- **WHAT YOU SHOULD DO**
Under this line are the records; repeat exactly the lines starting at the one containing "TERMINAL COMPRESION HDPE 32X1 in HE" and ending at the one containing "VIC MATIE Черные замшевые ботфорты, фото 6", omitting pictures.

- **RECORDED DATA**
▬▬▬

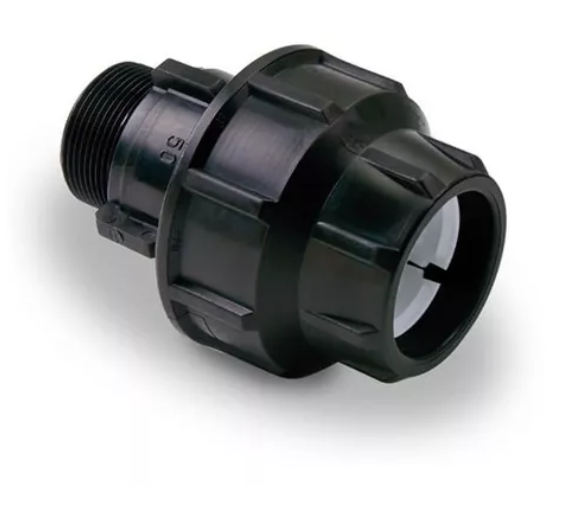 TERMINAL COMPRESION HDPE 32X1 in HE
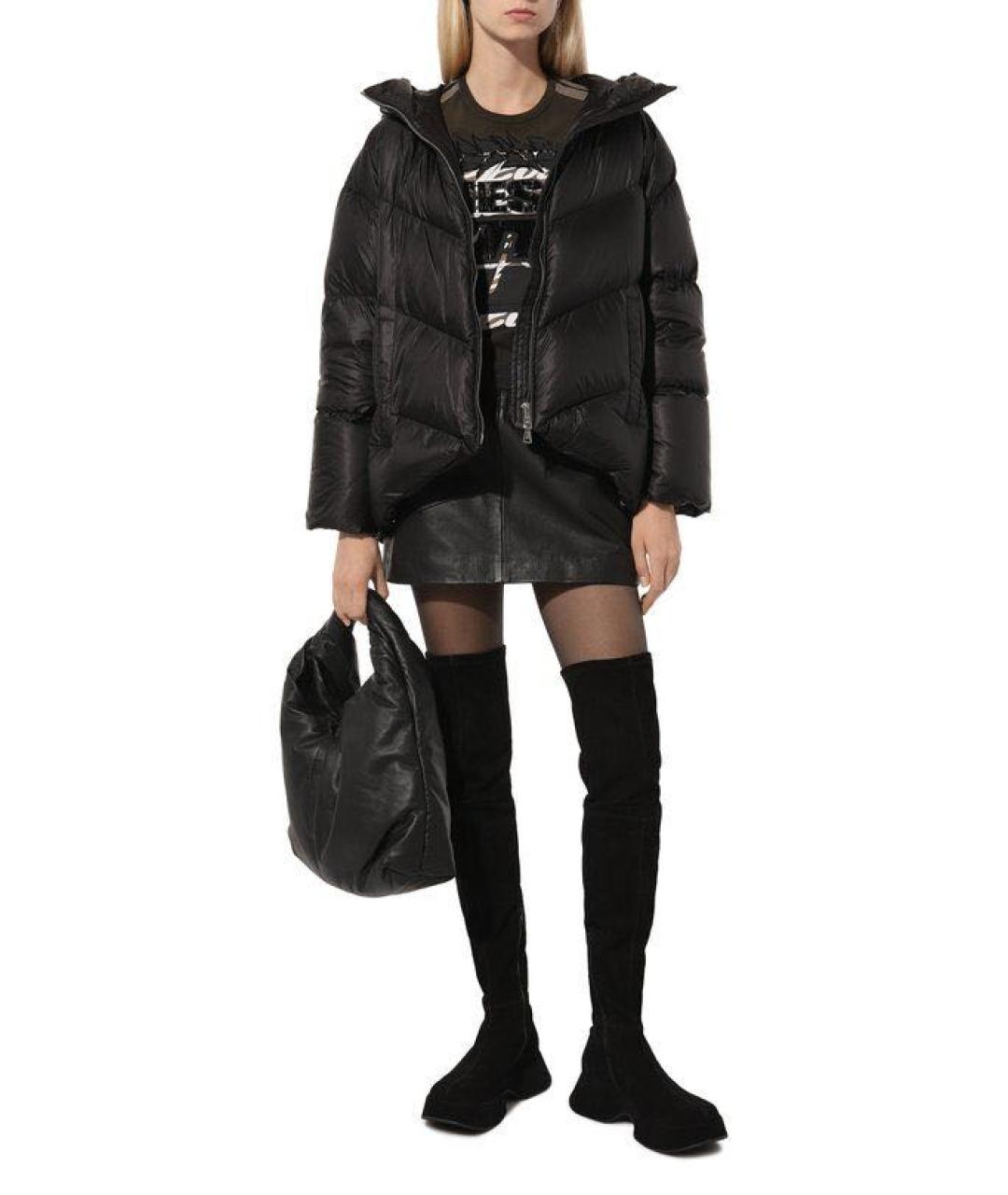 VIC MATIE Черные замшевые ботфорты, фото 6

▬▬▬

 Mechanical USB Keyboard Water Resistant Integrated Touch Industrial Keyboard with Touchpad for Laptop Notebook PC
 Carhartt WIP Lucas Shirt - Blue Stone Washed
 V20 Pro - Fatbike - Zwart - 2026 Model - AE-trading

▬▬▬

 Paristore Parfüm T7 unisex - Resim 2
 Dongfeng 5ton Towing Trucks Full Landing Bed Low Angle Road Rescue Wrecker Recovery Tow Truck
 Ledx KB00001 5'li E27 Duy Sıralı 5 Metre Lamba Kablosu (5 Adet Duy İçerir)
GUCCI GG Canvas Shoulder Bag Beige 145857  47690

▬▬▬

- **REPLY**
 TERMINAL COMPRESION HDPE 32X1 in HE
 VIC MATIE Черные замшевые ботфорты, фото 6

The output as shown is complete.